14 Şubat 2012 Salı

Vazgeçemediklerimiz...

Yapışıp kalmış gibidir vazgeçemediklerimiz. Yürek sızısı olur, tarifsiz sevinç olur, unutulmaz olur. Vazgeçilemezler.

Çocukluk anılarımızdan başlarız vazgeçmemeye. Öyle hepsinden değil belki ama o sıcak ve güven veren kokusundan vazgeçemeyiz. Bize kalan anılarda hep resmini taşırız zihnimizde. Kitaplarımızdan vazgeçemeyiz. Ne kadar çoksalar, biz de onlarla çoğalırız. Kimseye veremeyiz üstelik, bizim gösterdiğimiz değeri bulamayacaklarından korkarak. Müziklerimizden vazgeçemeyiz. Onlar “anı”lardır, “an”lardır geçmişten bugüne. Yaşadığımız her bir dönemin, bizde kalan izlerinin en iyi tanıklarıdır.
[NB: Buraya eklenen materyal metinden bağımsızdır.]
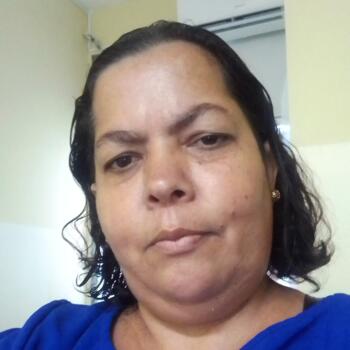 Babysitter in Feira de Santana: Fernanda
Yüreğimizi çizip geçerler çoğunluk ama onlarsız da olmaz. Şehrimizden vazgeçemeyiz, nereye gitsek dönmek isteriz hep. Her uzak kalıp geri dönüşümüzde, içimize çekeriz çokça havasını, yıllarca ayrı kalmışcasına. Sadakatimizden vazgeçemeyiz, ihanetler görsek de öyle ağır mesela. Öyle inanılmaz hani. Ama hiçbirinin bizi ezmesine izin vermeyiz. Onlar gibi oluruz aksi halde. Heyecanımızdan vazgeçemeyiz, bizi harekete geçiren, yaşadığımızı hissettiren heyecanımızdan. Bazen ellerimizi ve bacaklarımızı kullanamaz hale gelene kadar titrediğimiz zamanlar olur, ama yine de vazgeçmeyiz çünkü o biziz… Sevincimizden vazgeçemeyiz, çok küçük şeylerin bizi sevindirmesi yeter çünkü. Belki bu yüzden çok değerli de olmayız, ama “değer” dediklerimizden de olmayız. Acı çekmekten de vazgeçememiş oluruz belki… “İdeal”lerimizdan vazgeçemeyiz, onlarla yenileniriz, onlarla keşfederiz hep kendimizi. Sınırlarımızı, değerlerimizi, sahip olduklarımızı. Sevgimizden vazgeçemeyiz. Parçalanırız , bölünürüz, dağılırız ama hiç vazgeçemeyiz.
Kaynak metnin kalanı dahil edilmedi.